### Aim of the exercise
Each line from the top of the listing through the one holding "Massimo Bottura, the" should be restated word for word, with nothing added and no pictures.

### Provided material
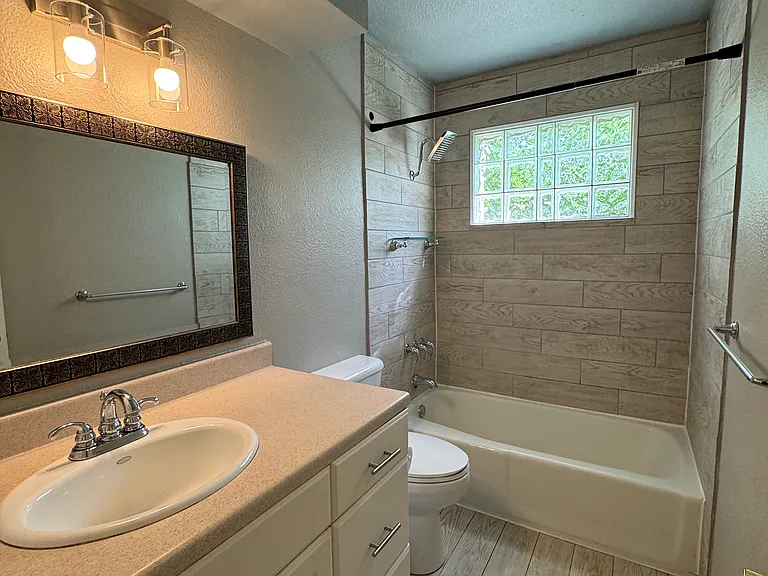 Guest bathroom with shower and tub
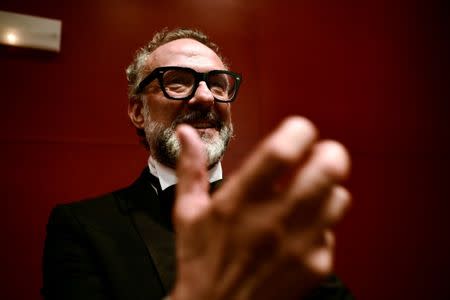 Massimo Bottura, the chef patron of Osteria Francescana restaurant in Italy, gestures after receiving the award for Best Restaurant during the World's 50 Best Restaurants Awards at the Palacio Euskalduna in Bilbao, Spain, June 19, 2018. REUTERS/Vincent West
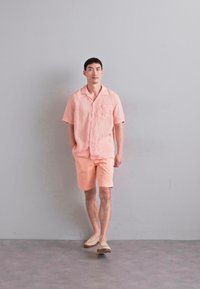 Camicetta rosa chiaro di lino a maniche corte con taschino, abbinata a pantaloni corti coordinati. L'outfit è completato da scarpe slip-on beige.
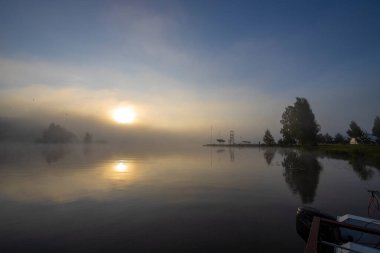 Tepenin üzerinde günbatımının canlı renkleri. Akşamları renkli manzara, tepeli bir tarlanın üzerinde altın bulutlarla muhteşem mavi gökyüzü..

### Answer to the problem
 Guest bathroom with shower and tub
 Massimo Bottura, the chef patron of Osteria Francescana restaurant in Italy, gestures after receiving the award for Best Restaurant during the World's 50 Best Restaurants Awards at the Palacio Euskalduna in Bilbao, Spain, June 19, 2018. REUTERS/Vincent West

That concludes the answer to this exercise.